Anomaly detection identifies data points, events, and/or observations that deviate from a dataset’s normal behavior. Detection tools & procedures allows the FinOps team to react quickly in order to maintain spend levels that an organization expects. To quickly find those needles in your cloud haystack, using automated, machine learning–based anomaly detection is key. These tools are generally offered by cloud providers and third party platforms.
Detected anomalies can be effectively dealt with only when cost allocation metadata or other operational metadata exists to determine who can best evaluate the anomaly for resolution.
Having Anomaly Detection tools that provide this granularity of cost by service, by account/project, by cost allocation tag, etc. is critical for triage.
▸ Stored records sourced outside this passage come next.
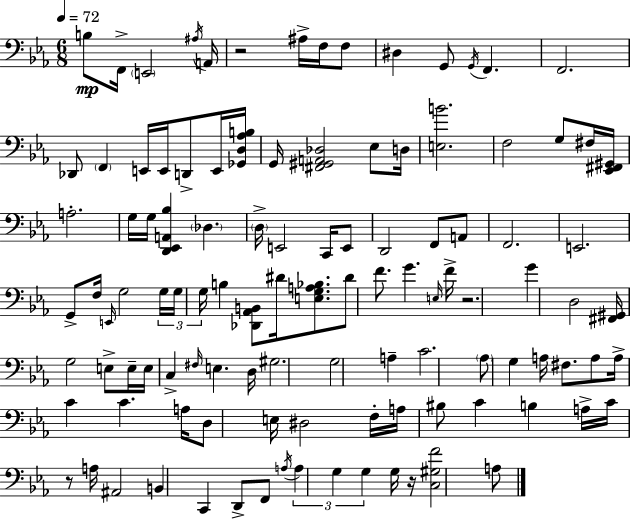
X:1
T:Untitled
M:6/8
L:1/4
K:Cm
B,/2 F,,/4 E,,2 ^A,/4 A,,/4 z2 ^A,/4 F,/4 F,/2 ^D, G,,/2 G,,/4 F,, F,,2 _D,,/2 F,, E,,/4 E,,/4 D,,/2 E,,/4 [_G,,D,_A,B,]/4 G,,/4 [^F,,^G,,A,,_D,]2 _E,/2 D,/4 [E,B]2 F,2 G,/2 ^F,/4 [_E,,^F,,^G,,]/4 A,2 G,/4 G,/4 [D,,_E,,A,,_B,] _D, D,/4 E,,2 C,,/4 E,,/2 D,,2 F,,/2 A,,/2 F,,2 E,,2 G,,/2 F,/4 E,,/4 G,2 G,/4 G,/4 G,/4 B, [_D,,_A,,B,,]/2 ^D/4 [E,G,A,_B,]/2 ^D/2 F/2 G E,/4 F/4 z2 G D,2 [^F,,^G,,]/4 G,2 E,/2 E,/4 E,/4 C, ^F,/4 E, D,/4 ^G,2 G,2 A, C2 _A,/2 G, A,/4 ^F,/2 A,/2 A,/4 C C A,/4 D,/2 E,/4 ^D,2 F,/4 A,/4 ^B,/2 C B, A,/4 C/4 z/2 A,/4 ^A,,2 B,, C,, D,,/2 F,,/2 A,/4 A, G, G, G,/4 z/4 [C,^G,F]2 A,/2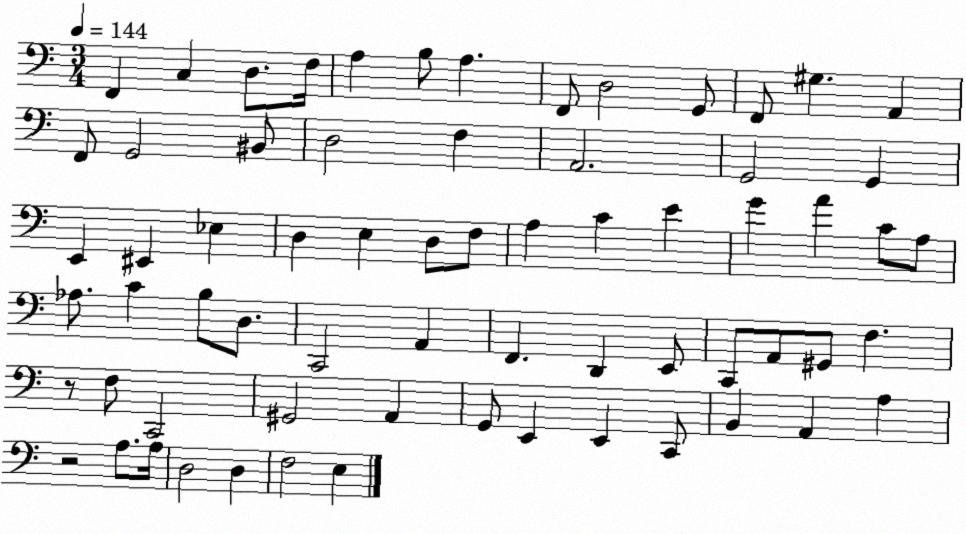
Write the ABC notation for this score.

X:1
T:Untitled
M:3/4
L:1/4
K:C
F,, C, D,/2 F,/4 A, B,/2 A, F,,/2 D,2 G,,/2 F,,/2 ^G, A,, F,,/2 G,,2 ^B,,/2 D,2 F, A,,2 G,,2 G,, E,, ^E,, _E, D, E, D,/2 F,/2 A, C E G A C/2 A,/2 _A,/2 C B,/2 D,/2 C,,2 A,, F,, D,, E,,/2 C,,/2 A,,/2 ^G,,/2 F, z/2 F,/2 C,,2 ^G,,2 A,, G,,/2 E,, E,, C,,/2 B,, A,, A, z2 A,/2 A,/4 D,2 D, F,2 E,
Triage Anomalies is the practice of driving incoming work by priority so that the highest impacting alerts are handled first.
Resolving Anomalies typically involves some level of investigation and then either a change to adjust the environment, or to adjust the expectation of the cost of the affected scope. Another resolution may be to simply acknowledge the anomaly.
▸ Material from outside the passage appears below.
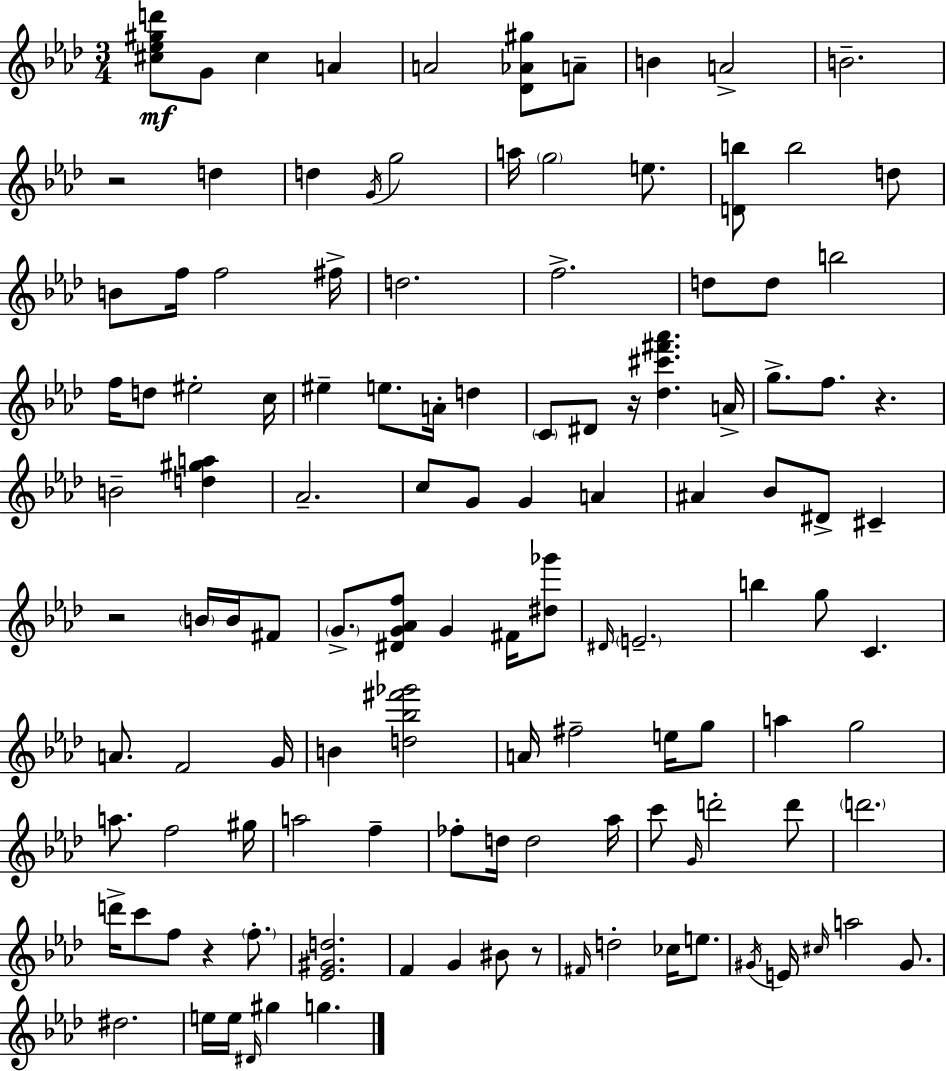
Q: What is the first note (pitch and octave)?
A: G4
Imagine a new testing infrastructure created to accommodate a testing period for a new application. If this environment has not existed before, it may be flagged as anomalous because it varies from historical spending patterns. So while automated tools will see this as anomalous, it is expected from the perspective of the humans launching the new environment, and the anomaly can be dismissed after ensuring it’s within the expected new cost of the new environment.
The concept “inform to ignore” has been applied, which represents gathering information to justify taking no action.
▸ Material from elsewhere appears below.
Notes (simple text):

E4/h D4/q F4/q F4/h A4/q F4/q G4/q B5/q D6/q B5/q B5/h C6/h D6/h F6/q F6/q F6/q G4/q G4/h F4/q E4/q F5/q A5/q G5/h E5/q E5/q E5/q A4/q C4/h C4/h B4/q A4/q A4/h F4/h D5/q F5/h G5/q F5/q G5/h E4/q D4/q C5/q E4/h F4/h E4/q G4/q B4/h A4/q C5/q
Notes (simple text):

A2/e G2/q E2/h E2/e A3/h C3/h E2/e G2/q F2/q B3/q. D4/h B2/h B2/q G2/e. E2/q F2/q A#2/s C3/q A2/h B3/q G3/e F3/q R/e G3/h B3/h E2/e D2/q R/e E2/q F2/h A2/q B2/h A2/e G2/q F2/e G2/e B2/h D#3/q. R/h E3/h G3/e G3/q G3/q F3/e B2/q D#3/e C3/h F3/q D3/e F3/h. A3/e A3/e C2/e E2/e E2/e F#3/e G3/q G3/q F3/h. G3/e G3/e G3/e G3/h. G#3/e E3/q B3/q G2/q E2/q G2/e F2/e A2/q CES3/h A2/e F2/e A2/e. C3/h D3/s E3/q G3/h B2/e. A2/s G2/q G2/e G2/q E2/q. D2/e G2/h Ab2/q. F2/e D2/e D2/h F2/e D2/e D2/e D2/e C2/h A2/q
Note: Anomalies may not directly result in a change in cloud spend.
If a team starts using a new cloud service offering, replacing the usual one, you can learn of this through anomaly reports that show your cost by cloud service offering. Reporting & Tracking Anomalies is a function of anomaly management. You must also be able to track anomalies, record impact to spend, and resolution. Both push notifications or data visualization can be used as methods to report & track anomalies.
Part of your anomaly triage process may include a postmortem step to understand if the anomaly detection and resolution has or will impact variance to overall budget. Having a strong communication/collaboration between Engineering and Finance if anomaly causes an unfavorable impact to budget is critical to making near-real time decisions. See the Budget Management Capability for more details.
Considerations alongside FinOps Intersections with Other Frameworks
Managing anomalies will also be an important touchpoint between the FinOps function and the Security function. Security anomaly detection tools may detect problems which do not dramatically affect cost, and vice versa.
For example, anomalies that detect a new service can be very significant for companies that require sign-off—for security or compliance reasons—before using new services. See the FinOps Intersections with Other Frameworks Capability for more context and information.
WHERE ARE ORGANIZATIONS IN TERMS OF MATURITY
Organizations operating at a FinOps Run maturity was reflected by practitioner respones that indicated it takes hours for their teams to be aware of unexpected cost increases. Responses indicating that it takes up to a day or multiple days for teams to be aware of cost anomalies were cohorts operating at a FinOps Walk maturity. Responses indicating teams were unaware of unexpected cost increases for a week or more were reflected in organizations operating at a FinOps Crawl maturity
Understanding that anomalous spending might occur
Manually checking for anomalous spending
Reacting to anomaly active post billing
Using budget alerts vs an anomaly detection service
Unexpected spending is manually investigated and routed when necessary to a suspected owner for resolution
Some form of automated detection or reporting or tooling (usually provided by the Cloud Service Provider in use
Use of anomaly detection tooling in most or all departments and teams
Context-relevant thresholds (percentage of spend change, single item spend amount ceilings, forecast breach alerts, etc.)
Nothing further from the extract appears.